Supplied entries
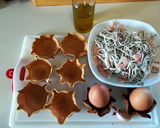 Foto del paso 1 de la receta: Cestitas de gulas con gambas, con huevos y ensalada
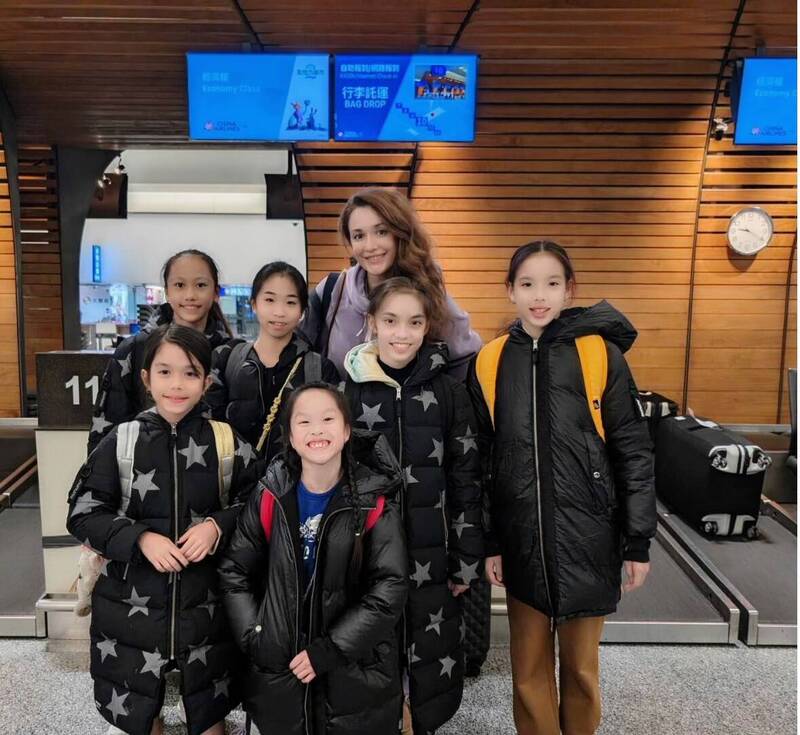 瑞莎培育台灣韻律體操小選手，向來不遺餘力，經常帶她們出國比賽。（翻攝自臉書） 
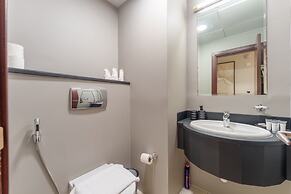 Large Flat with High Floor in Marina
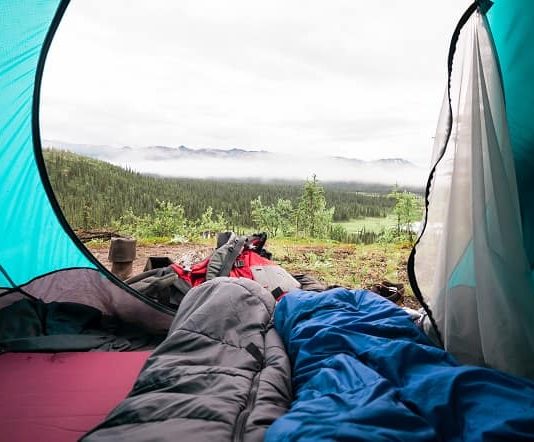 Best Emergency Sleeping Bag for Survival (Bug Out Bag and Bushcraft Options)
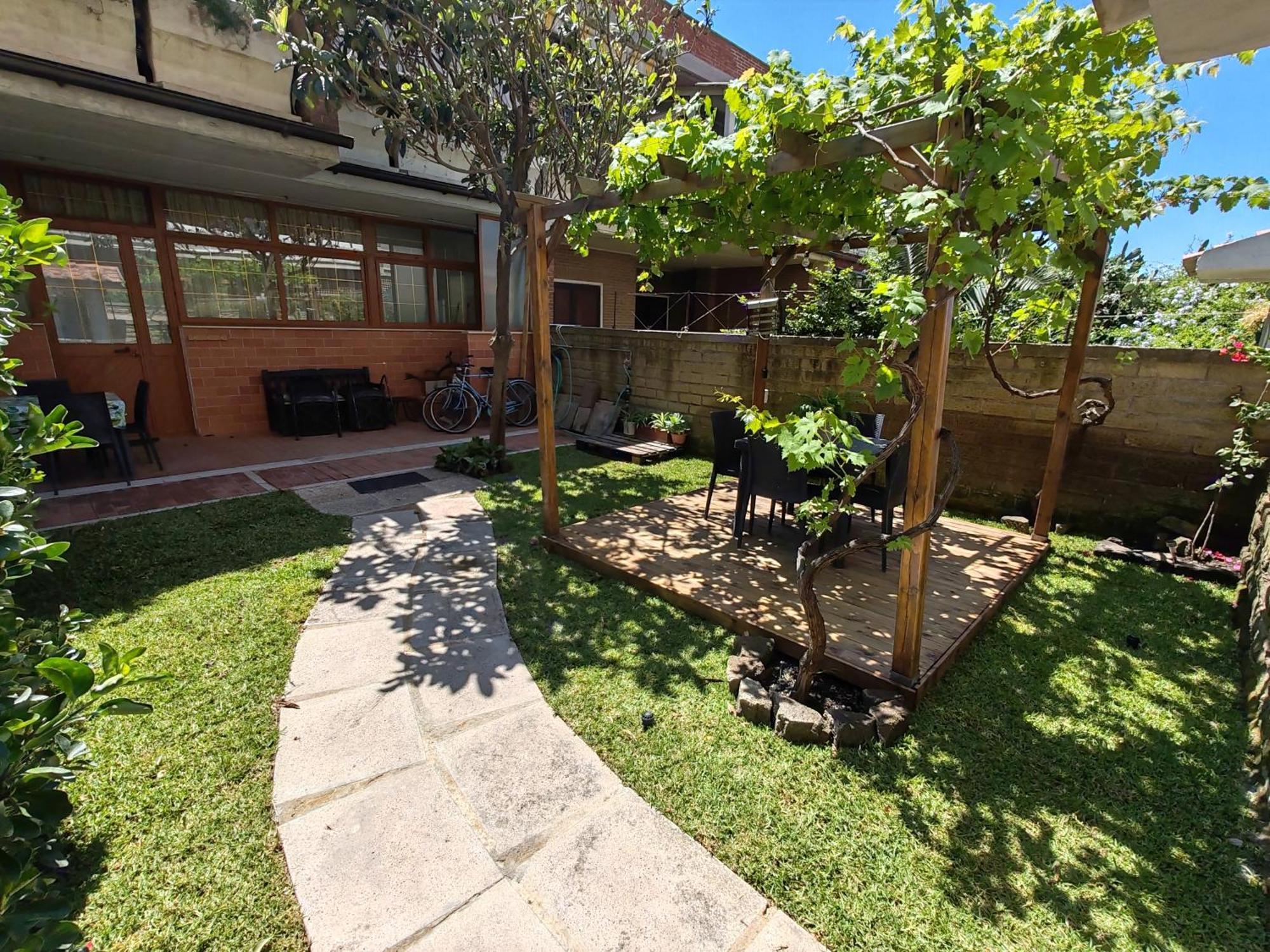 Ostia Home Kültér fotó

Required action
Word-for-word repeat, images excluded: return all the data.

Answer to the exercise
 Foto del paso 1 de la receta: Cestitas de gulas con gambas, con huevos y ensalada
 瑞莎培育台灣韻律體操小選手，向來不遺餘力，經常帶她們出國比賽。（翻攝自臉書） 
 Large Flat with High Floor in Marina
 Best Emergency Sleeping Bag for Survival (Bug Out Bag and Bushcraft Options)
 Ostia Home Kültér fotó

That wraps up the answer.